What to produce: Could you please output only the lines from the one holding "Ford Transit Connect" through the end of the listing below, exactly as written and without pictures?

Data segment:
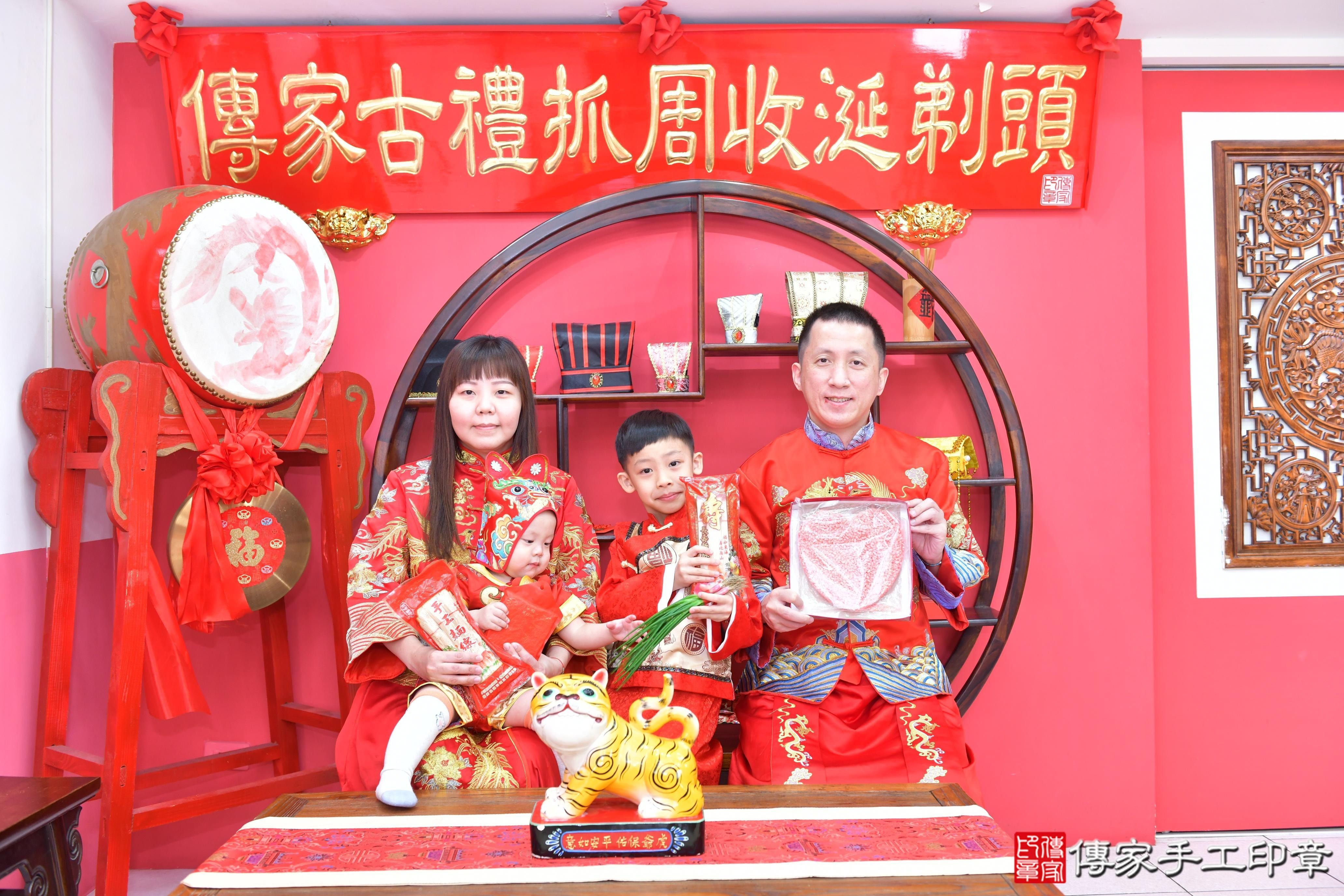 傳家手工印章台中店、抓周、度脺、美式風會場、傳家嬰兒古禮、吉祥話、抓周道具物品24種、拍照。抓周證書。寶寶抓周、滿周歲、生日快樂、祝福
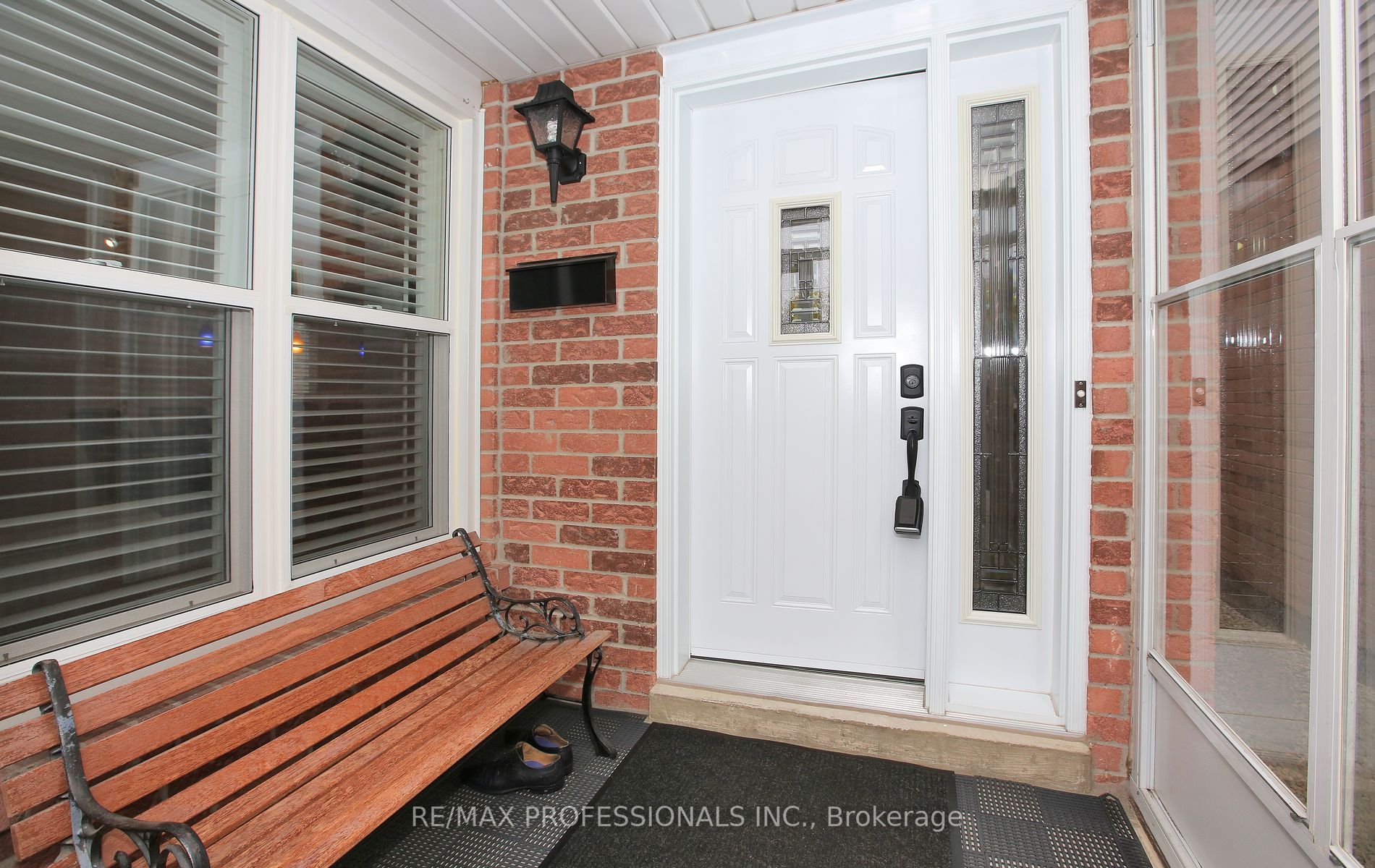1516 Evenside Cres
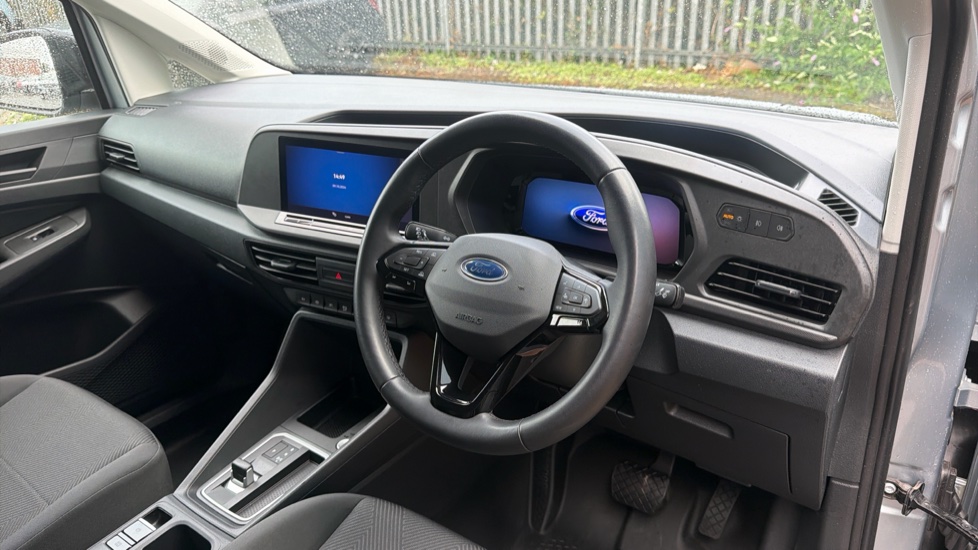 Ford Transit Connect 250 L2 Petrol 1.5 EcoBoost PHEV 150 Trend Van Auto - Image 16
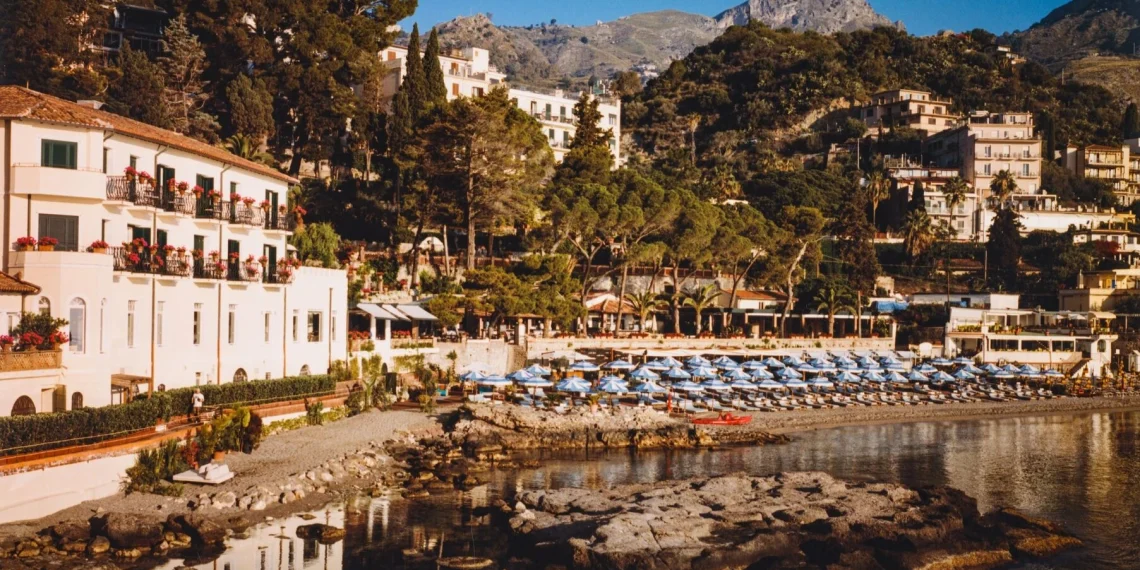 Taormina. La notte di Ferragosto a Villa S. Andrea è “Sicilian Chic”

Answer:
 Ford Transit Connect 250 L2 Petrol 1.5 EcoBoost PHEV 150 Trend Van Auto - Image 16
 Taormina. La notte di Ferragosto a Villa S. Andrea è “Sicilian Chic”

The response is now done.